Em Janeiro de 1967, Fernando Namora escrevia a Sacramento para lhe dizer que "a sua crítica (inteligentissima) não ‘passou’. Nada 'passa' sobre o livro. Têm sido feitas várias (algumas de muito interesse e-porque não dizê-lo? - entusiásticas), mas a censura elimina-as”. Dez anos antes, Namora fora solicitado a ser testemunha de Mário em mais um processo em tribunal. O escritor não recusa, mas escreve a avisar Sacramento que o seu nome "talvez o prejudique, mais do que beneficie". Não só por o seu depoimento já fazer parte do processo de outros réus, mas sobretudo devido à "campanha feita pelos jornais" a seu respeito, o que fará o nome de Namora "indesejável para a sua defesa". Acontece que, por aquela época, Fevereiro de 1957, os livros do autor de Casa da Malta tinham aparecido, pelo que diziam os jornais, numa exposição em Moscovo "e desse facto a nossa imprensa e a nossa rádio têm deduzido as habituais coisas tenebrosas”.

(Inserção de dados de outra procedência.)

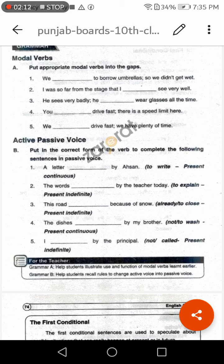Sentence two: 'I was so far from the stage that I ___ see very well.' Since the speaker was very far from the stage and could not see properly, the answer is 'could not.' So: 'I was so far from the stage that I could not see very well.'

Particularmente curiosa e reveladora de algumas contradições e hesitações existentes no campo democrático, é uma missiva assinada por António Sérgio e enviada numa altura em que se preparava o I Congresso Republicano de Aveiro, realizado em 1957, e que, naquele ano de "eleições” legislativas, ficou para a história como uma das raras movimentações da oposição em pleno regime de ditadura. Convidado por Sacramento a participar, Sérgio responde-lhe para dizer que "eminentes republicanos" seus amigos lhe dizem, "por um lado, que o Congresso é dos republicanos do distrito de Aveiro (...); e, por outro, que consideram a realização do Congresso, neste momento, favorável à propaganda do governo junto do estrangeiro: e pedem-me que me abstenha de intervir. Não quero concorrer para acentuar divergências dentro do campo democrático, e mais uma vez me convenço que não nasci para a acção política".